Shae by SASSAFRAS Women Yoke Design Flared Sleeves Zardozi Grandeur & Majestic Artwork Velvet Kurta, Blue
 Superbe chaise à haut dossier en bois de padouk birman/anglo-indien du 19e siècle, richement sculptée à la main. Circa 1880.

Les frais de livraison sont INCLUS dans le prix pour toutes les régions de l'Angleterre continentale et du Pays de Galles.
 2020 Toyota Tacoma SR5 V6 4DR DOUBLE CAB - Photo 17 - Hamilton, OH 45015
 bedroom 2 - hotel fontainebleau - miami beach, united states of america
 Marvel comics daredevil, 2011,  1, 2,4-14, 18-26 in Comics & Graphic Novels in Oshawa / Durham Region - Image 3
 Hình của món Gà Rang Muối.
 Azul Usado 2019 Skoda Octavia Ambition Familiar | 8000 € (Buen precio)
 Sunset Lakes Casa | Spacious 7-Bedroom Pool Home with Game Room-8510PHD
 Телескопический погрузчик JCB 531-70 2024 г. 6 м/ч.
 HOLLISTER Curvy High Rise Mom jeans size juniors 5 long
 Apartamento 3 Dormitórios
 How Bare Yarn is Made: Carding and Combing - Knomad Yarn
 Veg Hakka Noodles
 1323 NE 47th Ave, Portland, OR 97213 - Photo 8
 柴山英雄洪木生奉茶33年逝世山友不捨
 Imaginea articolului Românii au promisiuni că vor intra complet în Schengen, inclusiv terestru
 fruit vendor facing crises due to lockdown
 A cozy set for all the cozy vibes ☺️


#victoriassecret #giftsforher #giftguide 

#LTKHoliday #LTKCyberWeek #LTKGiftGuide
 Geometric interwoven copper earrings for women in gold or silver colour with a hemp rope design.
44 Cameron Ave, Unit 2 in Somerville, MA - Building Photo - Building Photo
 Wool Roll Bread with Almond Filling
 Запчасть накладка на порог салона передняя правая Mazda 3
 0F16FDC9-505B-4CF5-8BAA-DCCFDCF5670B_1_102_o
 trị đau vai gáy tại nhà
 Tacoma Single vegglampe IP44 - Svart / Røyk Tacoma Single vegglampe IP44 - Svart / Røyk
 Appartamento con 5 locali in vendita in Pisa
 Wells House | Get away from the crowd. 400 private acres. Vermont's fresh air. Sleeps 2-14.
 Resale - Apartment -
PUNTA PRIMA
+ + +
**Task details**
Begin with the line holding "Hình của món Gà Rang Muối." and end with the last line of the material. Write out those lines exactly, and only those.

**Response to the task**
 Hình của món Gà Rang Muối.
 Azul Usado 2019 Skoda Octavia Ambition Familiar | 8000 € (Buen precio)
 Sunset Lakes Casa | Spacious 7-Bedroom Pool Home with Game Room-8510PHD
 Телескопический погрузчик JCB 531-70 2024 г. 6 м/ч.
 HOLLISTER Curvy High Rise Mom jeans size juniors 5 long
 Apartamento 3 Dormitórios
 How Bare Yarn is Made: Carding and Combing - Knomad Yarn
 Veg Hakka Noodles
 1323 NE 47th Ave, Portland, OR 97213 - Photo 8
 柴山英雄洪木生奉茶33年逝世山友不捨
 Imaginea articolului Românii au promisiuni că vor intra complet în Schengen, inclusiv terestru
 fruit vendor facing crises due to lockdown
 A cozy set for all the cozy vibes ☺️


#victoriassecret #giftsforher #giftguide 

#LTKHoliday #LTKCyberWeek #LTKGiftGuide
 Geometric interwoven copper earrings for women in gold or silver colour with a hemp rope design.
44 Cameron Ave, Unit 2 in Somerville, MA - Building Photo - Building Photo
 Wool Roll Bread with Almond Filling
 Запчасть накладка на порог салона передняя правая Mazda 3
 0F16FDC9-505B-4CF5-8BAA-DCCFDCF5670B_1_102_o
 trị đau vai gáy tại nhà
 Tacoma Single vegglampe IP44 - Svart / Røyk Tacoma Single vegglampe IP44 - Svart / Røyk
 Appartamento con 5 locali in vendita in Pisa
 Wells House | Get away from the crowd. 400 private acres. Vermont's fresh air. Sleeps 2-14.
 Resale - Apartment -
PUNTA PRIMA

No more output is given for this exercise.